Disadvantages: Unfortunately, if a company does poorly, so does your stock. Because a stock isn’t diversified, that can mean disaster for you (although you can easily reduce your risk by picking bigger, solid companies). Also, most people are not good at picking excellent stocks. In fact, they think they are but they really aren’t (more about investor psychology).
Inevitably, when I’m teaching the basics of stocks, someone will pipe up and say, “So what stock should I buy?” Let’s go through it.

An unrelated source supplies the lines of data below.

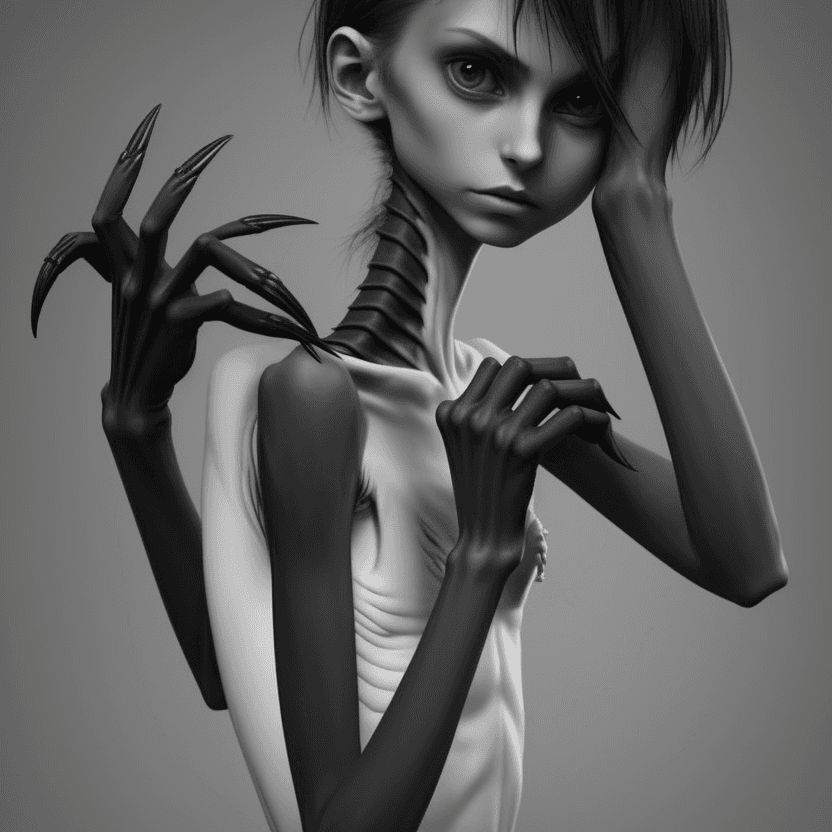 AI generated: woman's arms with hands with black long curved claws (almost claws) of skinny anorexic girl
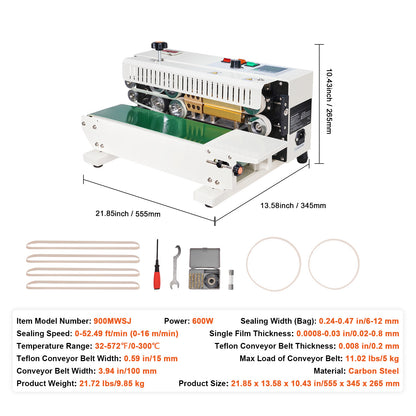 Bandsealer – Continue Sealmachine – Zaksealer – Doorlopende Sealapparaat – Automatische Sluitmachine – Koolstofstaal Behuizing – 600W Vermogen – Tel- en Printfunctie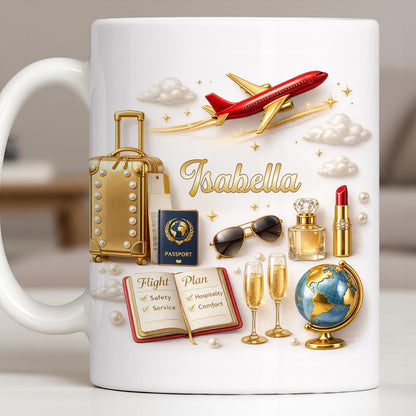 Flight Plan Safety Service Comfort With Airplane and Travel Essentials - Personalized Custom Coffee Mug - JBS235_MG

The simplest way to narrow the universe of stocks is to think of companies you like and use. What are 15 companies you use and return to time after time? Think of everything, including food, clothing, services, technology, entertainment, transportation, etc. There, you just went from 5,000 stocks to 15.

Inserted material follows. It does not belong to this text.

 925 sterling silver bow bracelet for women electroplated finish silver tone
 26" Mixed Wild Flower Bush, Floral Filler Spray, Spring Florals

A good company isn’t necessarily a good stock! Let’s think of clothing for a second. What are your favorite places to shop? Abercrombie? Guess? Gap? Ok, take Gap. Let’s do a very simple analysis of Gap as a company. It has good clothes that are consistent and stable: Khakis, white shirts, polos, jeans, things that don’t go out of style. They appeal to men and women. They have a lot of locations and some great advertising. Hell, I shop there. Unfortunately, good products don’t always make a good stock: Here’s Yahoo’s 5-year stock performance. In this 5-year period, they dropped from a high of around 52 to a low around 8. “But Ramit,” you might say, “the entire economy was in a recession.” Yeah, but Gap also severely underperformed the market during this time.
The point is that you need a deeper analysis than “I think their khakis are pretty.” For that, you need to know:
Trends. Are sales increasing from this time last year? 2 years ago? 5 years ago?
Products. Is the future bright in terms of upcoming product development?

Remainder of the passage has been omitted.